All lines from the entries below that contain the string "Plate" should be copied out.

=== Section Start ===

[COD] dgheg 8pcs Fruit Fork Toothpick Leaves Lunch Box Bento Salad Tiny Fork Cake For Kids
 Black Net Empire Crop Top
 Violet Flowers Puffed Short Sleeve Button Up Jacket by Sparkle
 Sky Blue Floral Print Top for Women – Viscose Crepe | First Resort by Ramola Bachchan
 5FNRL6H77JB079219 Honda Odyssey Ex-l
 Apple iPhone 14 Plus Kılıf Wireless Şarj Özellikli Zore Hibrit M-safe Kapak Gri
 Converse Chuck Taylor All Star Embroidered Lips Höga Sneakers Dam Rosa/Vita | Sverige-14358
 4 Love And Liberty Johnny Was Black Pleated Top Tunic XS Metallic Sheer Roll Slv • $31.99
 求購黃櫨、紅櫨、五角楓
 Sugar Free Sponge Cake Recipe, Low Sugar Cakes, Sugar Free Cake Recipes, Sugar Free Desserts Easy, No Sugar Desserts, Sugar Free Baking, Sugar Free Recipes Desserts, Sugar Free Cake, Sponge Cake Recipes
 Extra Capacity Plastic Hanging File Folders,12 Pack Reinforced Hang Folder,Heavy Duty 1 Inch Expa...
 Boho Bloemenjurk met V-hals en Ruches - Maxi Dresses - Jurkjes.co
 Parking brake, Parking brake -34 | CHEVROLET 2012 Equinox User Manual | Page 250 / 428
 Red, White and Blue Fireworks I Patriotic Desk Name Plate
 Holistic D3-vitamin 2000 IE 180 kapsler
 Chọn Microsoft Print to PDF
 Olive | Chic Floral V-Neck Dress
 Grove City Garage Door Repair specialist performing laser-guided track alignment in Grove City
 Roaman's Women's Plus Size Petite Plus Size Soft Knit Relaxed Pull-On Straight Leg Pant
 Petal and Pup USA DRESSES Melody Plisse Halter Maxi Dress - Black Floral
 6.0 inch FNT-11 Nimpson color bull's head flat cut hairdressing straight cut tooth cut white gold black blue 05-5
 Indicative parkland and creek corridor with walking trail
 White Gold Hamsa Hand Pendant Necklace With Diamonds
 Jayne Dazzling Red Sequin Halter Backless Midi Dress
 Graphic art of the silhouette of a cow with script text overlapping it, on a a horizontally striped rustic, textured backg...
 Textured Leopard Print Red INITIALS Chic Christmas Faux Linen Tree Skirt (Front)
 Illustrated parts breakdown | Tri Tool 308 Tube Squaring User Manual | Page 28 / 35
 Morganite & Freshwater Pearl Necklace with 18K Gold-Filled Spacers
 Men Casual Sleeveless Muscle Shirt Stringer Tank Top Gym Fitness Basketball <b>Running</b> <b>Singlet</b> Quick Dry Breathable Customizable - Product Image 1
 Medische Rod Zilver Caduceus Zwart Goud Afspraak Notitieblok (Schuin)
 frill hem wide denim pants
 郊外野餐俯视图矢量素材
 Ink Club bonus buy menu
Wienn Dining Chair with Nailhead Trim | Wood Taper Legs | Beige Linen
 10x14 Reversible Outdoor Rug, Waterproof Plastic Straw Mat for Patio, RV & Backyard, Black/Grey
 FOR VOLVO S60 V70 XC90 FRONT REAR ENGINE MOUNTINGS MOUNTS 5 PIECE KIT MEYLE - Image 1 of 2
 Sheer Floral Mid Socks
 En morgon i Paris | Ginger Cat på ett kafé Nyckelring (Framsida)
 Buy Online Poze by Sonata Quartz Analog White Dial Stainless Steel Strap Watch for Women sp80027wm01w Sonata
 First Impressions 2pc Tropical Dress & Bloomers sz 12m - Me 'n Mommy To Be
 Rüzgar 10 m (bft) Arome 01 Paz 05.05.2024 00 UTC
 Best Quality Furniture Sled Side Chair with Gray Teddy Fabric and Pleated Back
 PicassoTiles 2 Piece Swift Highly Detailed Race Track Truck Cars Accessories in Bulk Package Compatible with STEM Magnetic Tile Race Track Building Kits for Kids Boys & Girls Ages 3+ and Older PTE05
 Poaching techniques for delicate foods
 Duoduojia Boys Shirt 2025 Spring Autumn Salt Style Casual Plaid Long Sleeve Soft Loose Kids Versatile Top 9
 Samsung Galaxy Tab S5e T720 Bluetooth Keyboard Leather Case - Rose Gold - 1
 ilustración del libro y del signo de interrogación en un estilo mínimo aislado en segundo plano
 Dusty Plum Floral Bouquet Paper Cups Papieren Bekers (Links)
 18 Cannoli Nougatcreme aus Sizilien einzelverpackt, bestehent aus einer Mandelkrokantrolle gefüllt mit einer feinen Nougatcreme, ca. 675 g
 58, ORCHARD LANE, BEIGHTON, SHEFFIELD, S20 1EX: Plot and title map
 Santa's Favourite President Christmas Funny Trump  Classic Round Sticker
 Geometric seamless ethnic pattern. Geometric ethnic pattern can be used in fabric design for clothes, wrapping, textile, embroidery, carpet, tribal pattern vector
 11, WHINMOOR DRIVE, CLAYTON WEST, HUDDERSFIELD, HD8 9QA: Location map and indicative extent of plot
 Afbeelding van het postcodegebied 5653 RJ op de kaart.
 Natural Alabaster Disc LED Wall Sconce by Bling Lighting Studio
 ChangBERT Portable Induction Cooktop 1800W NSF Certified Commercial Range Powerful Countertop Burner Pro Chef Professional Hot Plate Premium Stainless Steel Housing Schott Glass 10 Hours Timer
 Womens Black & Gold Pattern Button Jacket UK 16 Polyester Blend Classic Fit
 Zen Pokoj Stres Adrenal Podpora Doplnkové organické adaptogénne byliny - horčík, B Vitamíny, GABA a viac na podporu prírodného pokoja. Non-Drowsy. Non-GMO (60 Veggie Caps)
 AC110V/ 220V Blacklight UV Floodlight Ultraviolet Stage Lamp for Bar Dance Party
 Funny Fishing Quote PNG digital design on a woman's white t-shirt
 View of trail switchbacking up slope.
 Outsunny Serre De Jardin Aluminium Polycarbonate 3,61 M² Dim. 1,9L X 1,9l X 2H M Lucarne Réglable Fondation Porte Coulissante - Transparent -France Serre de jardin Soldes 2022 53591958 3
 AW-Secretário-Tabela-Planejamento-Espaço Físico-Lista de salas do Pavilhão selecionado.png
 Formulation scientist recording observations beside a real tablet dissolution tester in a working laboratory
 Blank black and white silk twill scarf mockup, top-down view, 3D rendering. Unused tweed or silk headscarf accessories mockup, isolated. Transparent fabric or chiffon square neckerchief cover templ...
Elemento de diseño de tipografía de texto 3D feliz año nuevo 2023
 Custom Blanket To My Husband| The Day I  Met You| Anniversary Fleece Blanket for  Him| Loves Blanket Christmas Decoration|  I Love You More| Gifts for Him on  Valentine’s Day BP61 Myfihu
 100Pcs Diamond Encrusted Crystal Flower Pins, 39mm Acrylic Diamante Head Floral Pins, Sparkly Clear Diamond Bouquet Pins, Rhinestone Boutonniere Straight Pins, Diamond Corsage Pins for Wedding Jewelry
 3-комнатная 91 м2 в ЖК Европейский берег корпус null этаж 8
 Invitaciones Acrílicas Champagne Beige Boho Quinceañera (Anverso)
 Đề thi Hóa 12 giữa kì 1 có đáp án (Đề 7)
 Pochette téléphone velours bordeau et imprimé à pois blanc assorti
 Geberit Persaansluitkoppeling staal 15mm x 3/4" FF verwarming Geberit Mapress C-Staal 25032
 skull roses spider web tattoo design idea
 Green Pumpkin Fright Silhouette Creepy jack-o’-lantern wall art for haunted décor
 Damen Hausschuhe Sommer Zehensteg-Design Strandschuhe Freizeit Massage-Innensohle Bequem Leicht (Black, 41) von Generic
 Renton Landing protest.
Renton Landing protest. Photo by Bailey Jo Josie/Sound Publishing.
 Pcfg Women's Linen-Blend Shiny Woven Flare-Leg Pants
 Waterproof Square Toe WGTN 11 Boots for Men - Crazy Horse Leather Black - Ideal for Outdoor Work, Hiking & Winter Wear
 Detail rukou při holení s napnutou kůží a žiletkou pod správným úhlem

=== Section End ===

• **Solved problem**
 Red, White and Blue Fireworks I Patriotic Desk Name Plate
 ChangBERT Portable Induction Cooktop 1800W NSF Certified Commercial Range Powerful Countertop Burner Pro Chef Professional Hot Plate Premium Stainless Steel Housing Schott Glass 10 Hours Timer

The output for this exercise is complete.